Dieser Querschnitt zeigt die Struktur eines COVID-19-(SARS-CoV-2-)Viruspartikels. Der äußere Teil, die Virushülle, bsteht aus einer sphärischen Lipidschicht, in der drei Typen von Proteinmolekülen eingebettet sind: Spike-, Membran- und Hüllproteine. Innerhalb der Hülle ist ein RNA-Strang in eine Kette aus Kapsidproteinen verpackt.
Rosalind Franklin
Geboren in London 1920, fiel Franklin schon in der Schule wegen ihres herausragenden wissenschaftlichen Talents auf. Sie studierte Naturwissenschaften an der University of Cambridge, machte ihren Abschluss 1941 und promovierte 1945. Zwei Jahre später zog sie nach Paris, wo sie zur Expertin für Röntgenbeugung wurde. Nach ihrer Rückkehr nach London 1951 schloss sich Franklin einem Team am King’s College an, das diese Technik benutzte, um die 3-D-Struktur der DNA zu entschlüsseln. Einer ihrer Studenten machte das Foto 51, den wichtigsten Beweis in dieser Frage. 1953 begann Franklin, die Struktur von RNA und die des Tabakmosaikvirus zu studieren, womit sie die Grundlage der strukturellen Virologie legte. 1956 wurde bei ihr Eierstockkrebs diagnostiziert. Sie arbeitete weiter, bis sie 1958 im Alter von 37 Jahren starb.
Hauptwerke
1953 Evidence for 2-Chain Helix in Crystalline Structure of Sodium Deoxyribonucleate
1955 Structure of Tobacco Mosaic Virus
Das Elektronenmikroskop in der Virusfoschung
Das Poliovirus wurde 1952 zum ersten Mal sichtbar gemacht. Dieses Bild entstand 2008 (EM-Foto, nachträglich eingefärbt).

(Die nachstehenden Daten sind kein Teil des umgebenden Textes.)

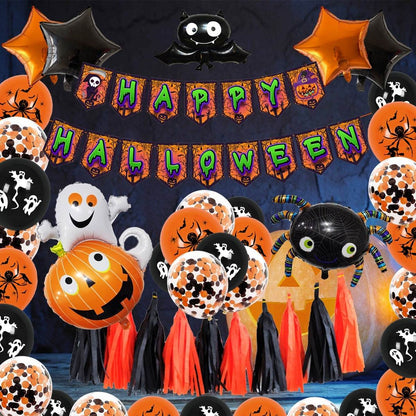 Halloween Party Decoration Balloon Combo Skull Pumpkin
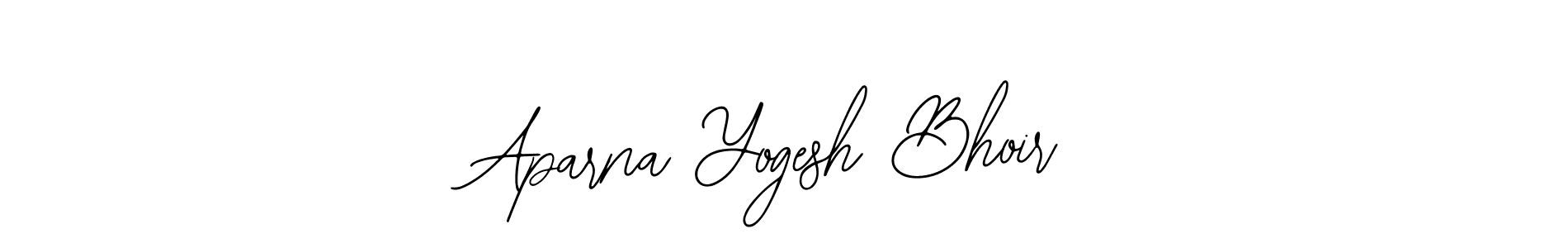 Also You can easily find your signature by using the search form. We will create Aparna Yogesh Bhoir name handwritten signature images for you free of cost using Bearetta-2O07w sign style. Aparna Yogesh Bhoir signature style 12 images and pictures png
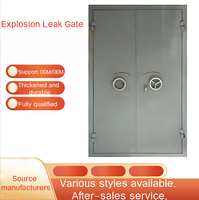 Puerta de Ventilación a Presión Personalizada de Fábrica, Acero Galvanizado, a Prueba de Explosiones, Marca XinSheng, para Almacenes y Plantas Químicas, con Certificación CE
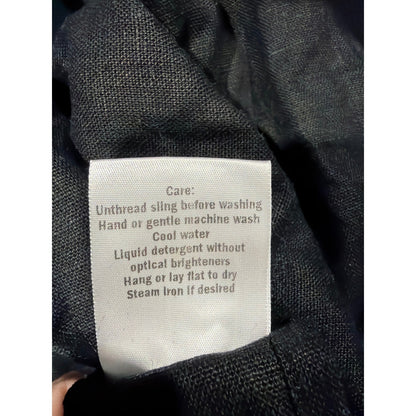 Wildbird Ring Sling Baby Carrier Kids Black Linen Gold Ring Boho EUC5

Ein Elektronenmikroskop (EM) zielt mit einem sich schnell bewegenden Elektronenstrahl auf das Objekt, das sichtbar gemacht werden soll. Das erste EM wurde 1931 von den deutschen Forschern Ernst Ruska und Max Knoll entwickelt, es konnte 400-fach vergrößern. Die stärksten modernen Elektronenmikroskope erreichen eine Auflösung von der halben Breite eines Wasserstoffatoms.
Elektronenmikroskope sind wertvolle Werkzeuge bei der Identifikation von Viren und bei der Entdeckung neuer Viren. 1939 bildeten Ruska und zwei Kollegen als Erste ein Virus (TMV) ab. 1948 wurden Unterschiede zwischen Pocken- und Windpockenviren gezeigt. Virologen benutzen die Elektronenmikroskopie auch, um die Ursache neuer Krankheitsausbrüche zu untersuchen. 1976 wurde das Ebolapathogen damit entdeckt. Das EM ist auch unentbehrlich, um die Interaktion zwischen Viren und den Zellen und Geweben ihrer Wirte zu studieren.